Expanding War, Contracting Meaning

The Next President and the Global War on Terror

A week ago, I had a long conversation with a four-star U.S. military
officer who, until his recent retirement, had played a central role in
directing the global war on terror. I asked him: what exactly is the
strategy that guides the Bush administration's conduct of this war? His
dismaying, if not exactly surprising, answer: there is none.

President Bush will bequeath to his successor the ultimate self-licking
ice cream cone.
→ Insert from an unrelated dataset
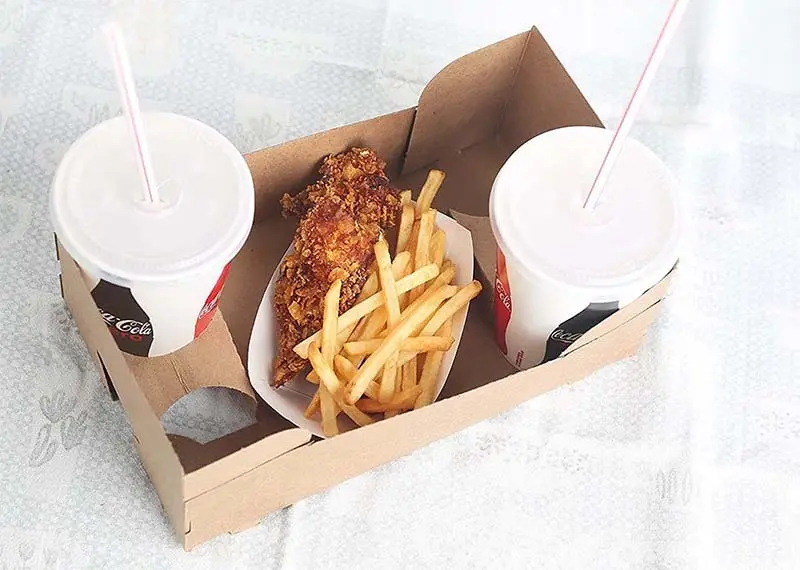 Uchampak |  disposable paper serving trays  5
To defense contractors, lobbyists, think-tankers,
ambitious military officers, the hosts of Sunday morning talk shows,
and the Douglas Feith-like creatures who maneuver to become players in
the ultimate power game, the Global War on Terror is a boon, an
enterprise redolent with opportunity and promising to extend decades
into the future.

Yet, to a considerable extent, that very enterprise has become a
fiction, a gimmicky phrase employed to lend an appearance of cohesion
to a panoply of activities that, in reality, are contradictory,
counterproductive, or at the very least beside the point. In this
sense, the global war on terror relates to terrorism precisely as the
war on drugs relates to drug abuse and dependence: declaring a state of
permanent "war" sustains the pretense of actually dealing with a
serious problem, even as policymakers pay lip-service to the problem's
actual sources. The war on drugs is a very expensive fraud. So, too, is
the Global War on Terror.

Anyone intent on identifying some unifying idea that explains U.S.
actions, military and otherwise, across the Greater Middle East is in
for a disappointment. During World War II, President Franklin D.
Roosevelt laid down "Germany first" and then "unconditional surrender"
as core principles. Early in the Cold War, the Truman administration
devised the concept of containment, which for decades thereafter
provided a conceptual framework to which policymakers adhered. Yet
seven years into its Global War on Terror, the Bush administration is
without a compass, wandering in the arid wilderness. To the extent that
any inkling of a strategy once existed -- the preposterous
neoconservative vision of employing American power to "transform" the
Islamic world -- events have long since demolished the assumptions on
which it was based.

Rather than one single war, the United States is presently engaged in several.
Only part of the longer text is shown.